The poll carried out by Ipsos Mori also found two-thirds wanted the NHS to manage itself without the involvement of politicians.

Another 46% also said politicians should have low or no involvement in how the NHS is run.

That was one of the aims of the reforms introduced by Andrew Lansley when he was health secretary.

But commentators have noted that since Jeremy Hunt has replaced him there has been a push to retain a much more hands-on approach.


The poll was released at the start of the BMA's annual conference, which is being held in Harrogate.

BMA leader Dr Mark Porter said: "The government promised to remove micromanagement from the NHS and yet the opposite has happened.

"There are even claims that NHS England, set up to be independent of Whitehall, is being manipulated for political purposes."

He also mentioned a key policy put forward by Labour - the pledge to offer GP appointments within 48 hours - adding: "Patient care is taking a back seat to scoring points over the dispatch box."

Dr Porter said "doctors want to see politics taken out of the NHS once and for all", saying it was "clear that the public feel the same way".

He went on to accuse the government of wasting money on "untested policies" and promised doctors would continue to "fight" for what was right for the NHS in the lead up to the election.

Both the government and Labour party defended their approaches.

Health Minister Dr Dan Poulter said: "Our reforms cut unnecessary red tape and gave doctors and nurses, who know their patients best, the power and freedom to make decisions in the best interests of their local community."

Meanwhile, a spokesman for Labour said access to GPs was a real problem and its plans, which include additional funding, were a "serious" attempt to improve services.

Seven-day services

Doctors at the conference also raised concerns about the push to create seven-day hospital services in England.

The move - set out by NHS England last year - involves improving access to a whole range of urgent and emergency services on a Saturday and Sunday over the next three years with the idea that more routine services, such as non-emergency operations, could follow afterwards.

A motion passed at the conference said extra resources and payments for anti-social hours would be needed.

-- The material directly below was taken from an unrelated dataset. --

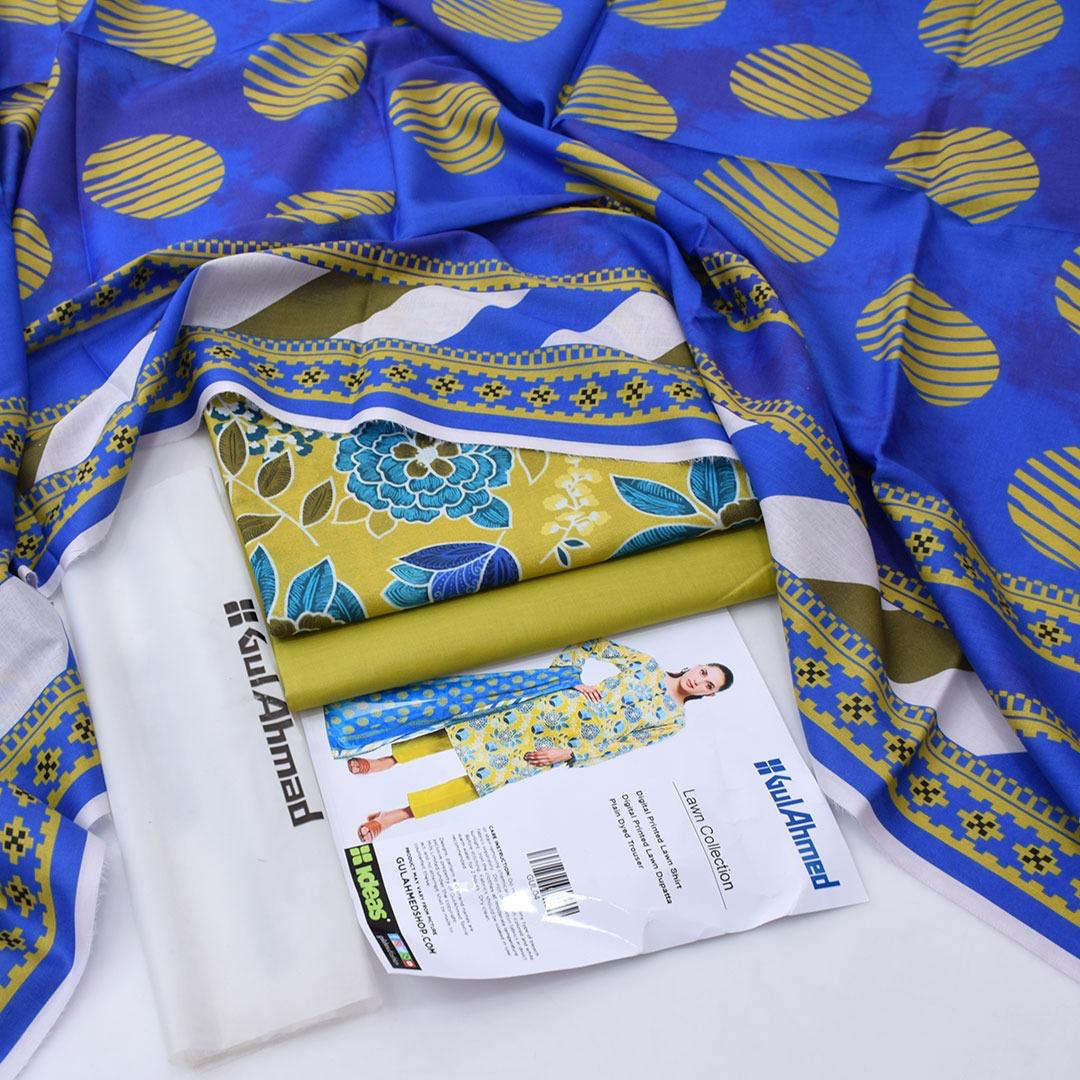 Gull Ahmed Digital Lawn 3-Piece Unstiched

Anaesthetist Dr Robert Harwood, of the BMA's consultants committee, said: "We have real reservations what whether it can be afforded within the current budget."

Bruce Hughes, a member of the BMA's GP committee, attacked the idea of a "24 hours a day seven day a week utopia which is just for the sake of a political gimmick". He accused politicians of policy by soundbite, saying the plan was "a pathetic attempt to get re-elected in 12 months".

He said: "You don't expect routine appointments with your lawyer or accountant on Sunday evening."